As used herein, the term “database” may refer to either a body of data, a relational database management system (RDBMS), or to both, and may include a collection of data including hierarchical databases, relational databases, flat file databases, object-relational databases, object oriented databases, and/or another structured collection of records or data that is stored in a computer system. The above examples are not intended to limit in any way the definition and/or meaning of the term database. Examples of RDBMS's include, but are not limited to, Oracle® Database, MySQL, IBM® DB2, Microsoft® SQL Server, Sybase®, and PostgreSQL. However, any database may be used that enables the systems and methods described herein. (Oracle is a registered trademark of Oracle Corporation, Redwood Shores, California; IBM is a registered trademark of International Business Machines Corporation, Armonk, New York; Microsoft is a registered trademark of Microsoft Corporation, Redmond, Washington; and Sybase is a registered trademark of Sybase, Dublin, California.)

A computer program of one embodiment is embodied on a computer-readable medium. In an example, the system is executed on a single computer system, without requiring a connection to a server computer. In a further example embodiment, the system is being run in a Windows® environment (Windows is a registered trademark of Microsoft Corporation, Redmond, Washington). In yet another embodiment, the system is run on a mainframe environment and a UNIX® server environment (UNIX is a registered trademark of X/Open Company Limited located in Reading, Berkshire, United Kingdom). In a further embodiment, the system is run on an iOS® environment (iOS is a registered trademark of Cisco Systems, Inc. located in San Jose, CA). In yet a further embodiment, the system is run on a Mac OS® environment (Mac OS is a registered trademark of Apple Inc. located in Cupertino, CA). In still yet a further embodiment, the system is run on Android® OS (Android is a registered trademark of Google, Inc. of Mountain View, CA). In another embodiment, the system is run on Linux® OS (Linux is a registered trademark of Linus Torvalds of Boston, MA). The application is flexible and designed to run in various different environments without compromising any major functionality. In some embodiments, the system includes multiple components distributed among a plurality of computing devices. One or more components are in the form of computer-executable instructions embodied in a computer-readable medium. The systems and processes are not limited to the specific embodiments described herein. In addition, components of each system and each process can be practiced independently and separately from other components and processes described herein. Each component and process can also be used in combination with other assembly packages and processes.
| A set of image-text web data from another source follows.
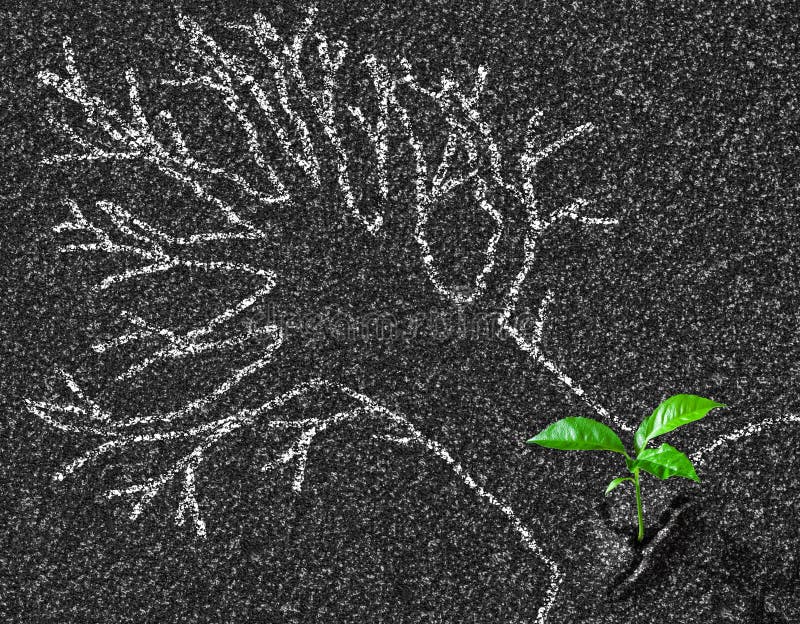 Chalk contour of tree on asphalt road and young growth concept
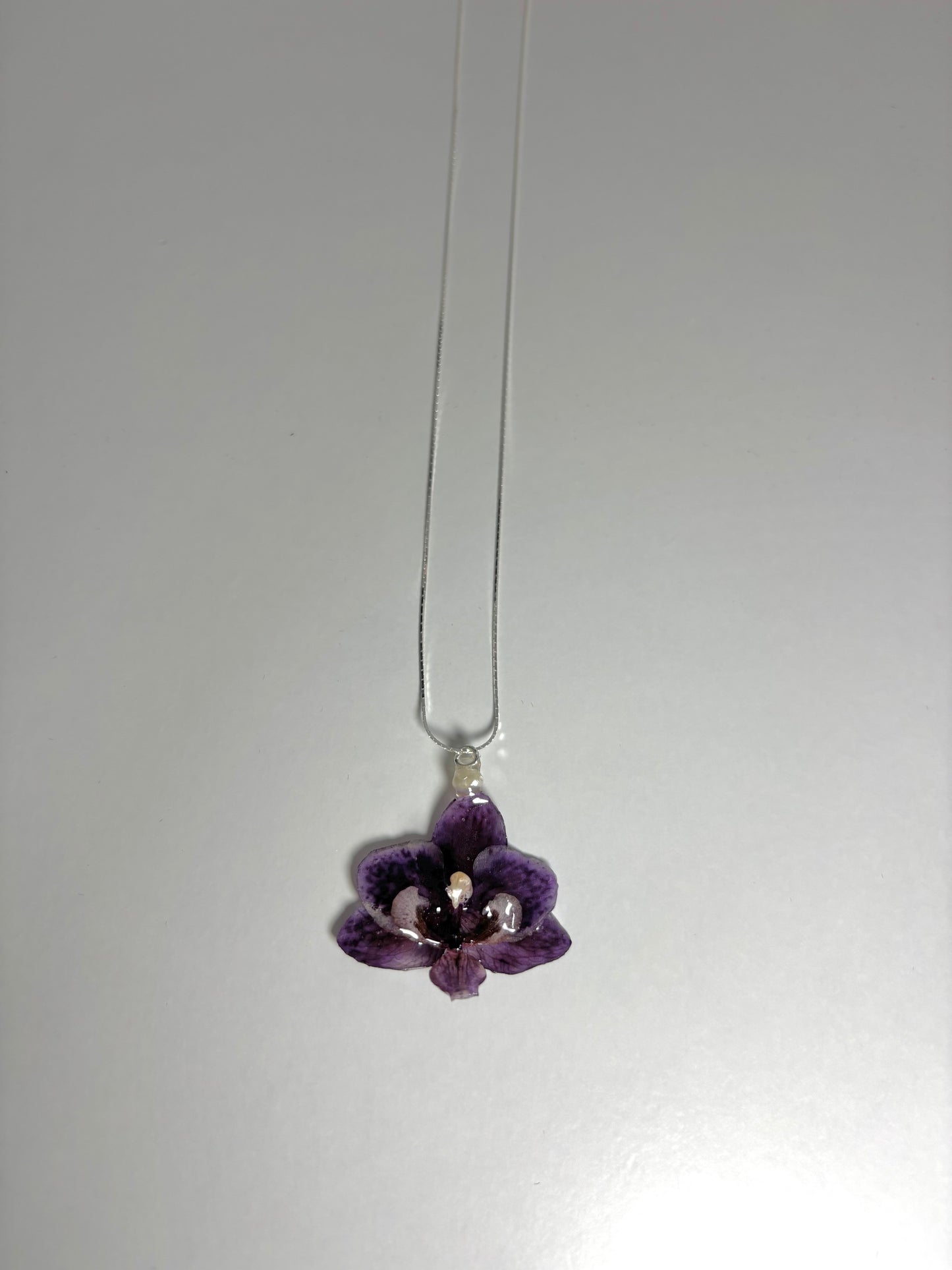 Lila orchid mini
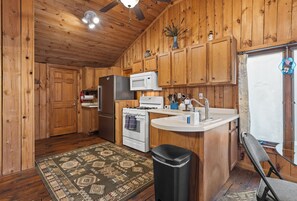 Fridge, microwave, oven, stovetop - Downtown Ludington, minutes from the beach (Ludington)
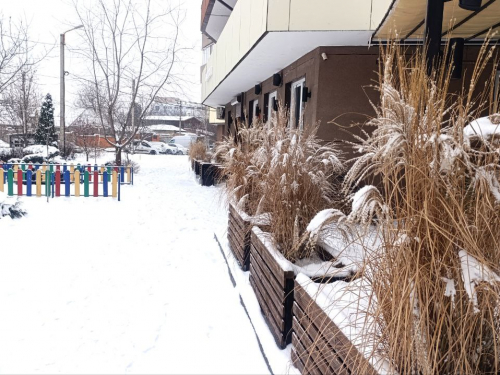 Сильні морози і слизькі дороги - прогноз погоди на вихідні 17 та 18 січня в Запоріжжі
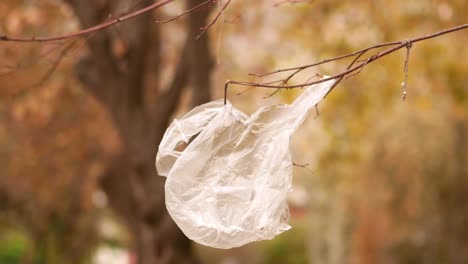 plastic bag hanging from tree branch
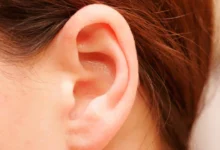 أجزاء الأذن ومواقع ظهور أعراض سرطان الأذن المحتملة.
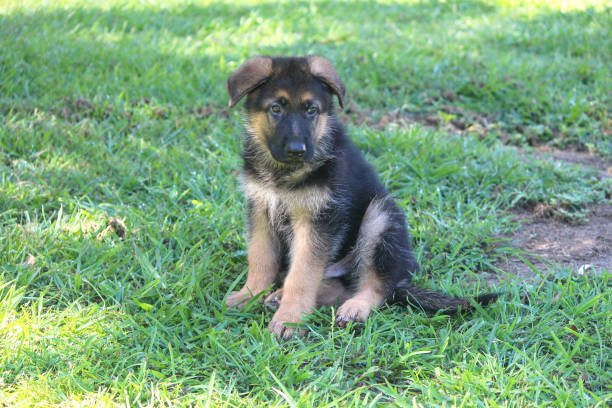 istock German Shepherd Puppy 8 weeks (7) 1369038161
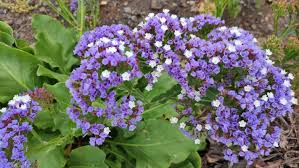 Image result for Limonium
As used herein, the terms “processor” and “computer” and related terms, e.g., “processing device”, “computing device”, and “controller” are not limited to just those integrated circuits referred to in the art as a computer, but broadly refers to a microcontroller, a microcomputer, a programmable logic controller (PLC), an application specific integrated circuit (ASIC), and other programmable circuits, and these terms are used interchangeably herein. In the embodiments described herein, memory may include, but is not limited to, a computer-readable medium, such as a random-access memory (RAM), and a computer-readable non-volatile medium, such as flash memory. Alternatively, a floppy disk, a compact disc — read only memory (CD-ROM), a magneto-optical disk (MOD), and/or a digital versatile disc (DVD) may also be used. Also, in the embodiments described herein, additional input channels may be, but are not limited to, computer peripherals associated with an operator interface such as a mouse and a keyboard. Alternatively, other computer peripherals may also be used that may include, for example, but not be limited to, a scanner. Furthermore, in the exemplary embodiment, additional output channels may include, but not be limited to, an operator interface monitor.

Further, as used herein, the terms “software” and “firmware” are interchangeable and include any computer program storage in memory for execution by personal computers, workstations, clients, servers, and respective processing elements thereof.

As used herein, the term “non-transitory computer-readable media” is intended to be representative of any tangible computer-based device implemented in any method or technology for short-term and long-term storage of information, such as, computer-readable instructions, data structures, program modules and sub-modules, or other data in any device. Therefore, the methods described herein may be encoded as executable instructions embodied in a tangible, non-transitory, computer readable medium, including, without limitation, a storage device, and a memory device. Such instructions, when executed by a processor, cause the processor to perform at least a portion of the methods described herein. Moreover, as used herein, the term “non-transitory computer-readable media” includes all tangible, computer-readable media, including, without limitation, non-transitory computer storage devices, including, without limitation, volatile and nonvolatile media, and removable and non-removable media such as a firmware, physical and virtual storage, CD-ROMs, DVDs, and any other digital source such as a network or the Internet, as well as yet to be developed digital means, with the sole exception being a transitory, propagating signal.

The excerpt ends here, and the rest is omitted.